- From: Bruce Lilly <blilly@erols.com>
- Date: Fri, 27 May 2005 18:07:51 -0400
- To: uri@w3.org
- Cc: "Robert Buck" <Robert.Buck@mathworks.com>
On Fri May 27 2005 15:39, Robert Buck wrote:
>
> You indicated that "scheme://" was legal syntax.
>
> Using the regular expression cited in the text of the spec on this uri
> produces:
>
> {scheme,undefined,undefined,undefined,undefined}
>
> which when you run through the recomposition algorithm cited results in:
>
> scheme:
>
> which is somewhat different from the input.
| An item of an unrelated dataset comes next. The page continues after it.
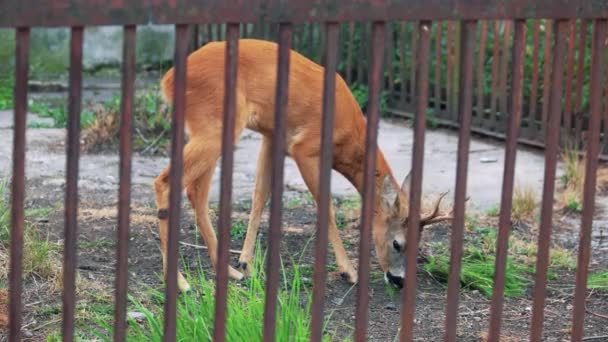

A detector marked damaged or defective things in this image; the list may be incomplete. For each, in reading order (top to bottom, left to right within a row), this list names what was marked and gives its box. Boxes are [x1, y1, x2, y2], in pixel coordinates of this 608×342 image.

Then is "scheme:" and
> "scheme://" equivalent?
The short answer is "maybe". The long answer:
Technically, the "//" delimits "authority path-abempty" and differentiates
that "hier-part" from other types of path-* components. In this particular
case as both authority and path-abempty are null, there isn't anything to
delimit. In "scheme:", there is no hier-part, there is path-empty. The
former has a mandatory "host" in authority, which happens to be empty
(normally it would be a domain name.
Semantically (which is what your question boils down to), there is a
difference between a host with an empty name and an empty path with no
host, inasmuch as the former specifies a host and the latter does not.
John Cowan reported that Mozilla treats the two differently; Konqueror
treats them as the same (it rewrites "about://" to "about:"). So at
best it's a gray area where there exist implementation differences.